# Task requirements
In the entries below, find the line with "Klymit Versa Packable" and the line with "Caspar TL803 Classic"; give again those lines and every line between them, exactly.

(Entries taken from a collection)
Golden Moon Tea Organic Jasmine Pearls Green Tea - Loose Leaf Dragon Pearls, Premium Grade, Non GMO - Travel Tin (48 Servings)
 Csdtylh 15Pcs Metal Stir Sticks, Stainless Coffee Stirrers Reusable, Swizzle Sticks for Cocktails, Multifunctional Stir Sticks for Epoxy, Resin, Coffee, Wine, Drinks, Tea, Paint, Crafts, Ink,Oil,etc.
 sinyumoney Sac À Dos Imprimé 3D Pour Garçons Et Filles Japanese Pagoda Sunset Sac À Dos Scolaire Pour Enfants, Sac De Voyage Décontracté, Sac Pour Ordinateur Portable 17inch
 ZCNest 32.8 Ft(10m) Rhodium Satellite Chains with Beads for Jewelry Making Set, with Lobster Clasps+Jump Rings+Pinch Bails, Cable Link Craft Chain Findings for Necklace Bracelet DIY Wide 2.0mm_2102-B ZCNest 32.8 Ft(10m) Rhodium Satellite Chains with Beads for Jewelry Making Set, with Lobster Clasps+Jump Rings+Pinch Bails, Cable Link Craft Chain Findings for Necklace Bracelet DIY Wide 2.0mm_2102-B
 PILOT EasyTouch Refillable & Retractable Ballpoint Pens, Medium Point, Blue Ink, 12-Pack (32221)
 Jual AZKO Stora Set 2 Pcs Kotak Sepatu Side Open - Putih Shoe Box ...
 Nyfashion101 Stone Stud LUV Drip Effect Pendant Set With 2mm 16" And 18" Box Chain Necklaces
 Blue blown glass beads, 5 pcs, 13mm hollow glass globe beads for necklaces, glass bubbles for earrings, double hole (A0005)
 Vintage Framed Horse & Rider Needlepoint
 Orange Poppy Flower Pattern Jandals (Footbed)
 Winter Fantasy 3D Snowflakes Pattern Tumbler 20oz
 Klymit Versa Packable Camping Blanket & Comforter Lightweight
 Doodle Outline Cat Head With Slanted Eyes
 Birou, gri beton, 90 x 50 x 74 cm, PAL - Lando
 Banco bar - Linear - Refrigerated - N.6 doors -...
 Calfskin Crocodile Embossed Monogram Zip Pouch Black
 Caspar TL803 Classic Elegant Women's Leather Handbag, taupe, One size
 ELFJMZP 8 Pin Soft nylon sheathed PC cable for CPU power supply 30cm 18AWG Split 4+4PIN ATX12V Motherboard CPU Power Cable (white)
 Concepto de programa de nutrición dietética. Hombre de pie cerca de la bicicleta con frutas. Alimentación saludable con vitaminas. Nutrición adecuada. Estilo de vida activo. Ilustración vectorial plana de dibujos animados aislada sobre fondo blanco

# Answer
 Klymit Versa Packable Camping Blanket & Comforter Lightweight
 Doodle Outline Cat Head With Slanted Eyes
 Birou, gri beton, 90 x 50 x 74 cm, PAL - Lando
 Banco bar - Linear - Refrigerated - N.6 doors -...
 Calfskin Crocodile Embossed Monogram Zip Pouch Black
 Caspar TL803 Classic Elegant Women's Leather Handbag, taupe, One size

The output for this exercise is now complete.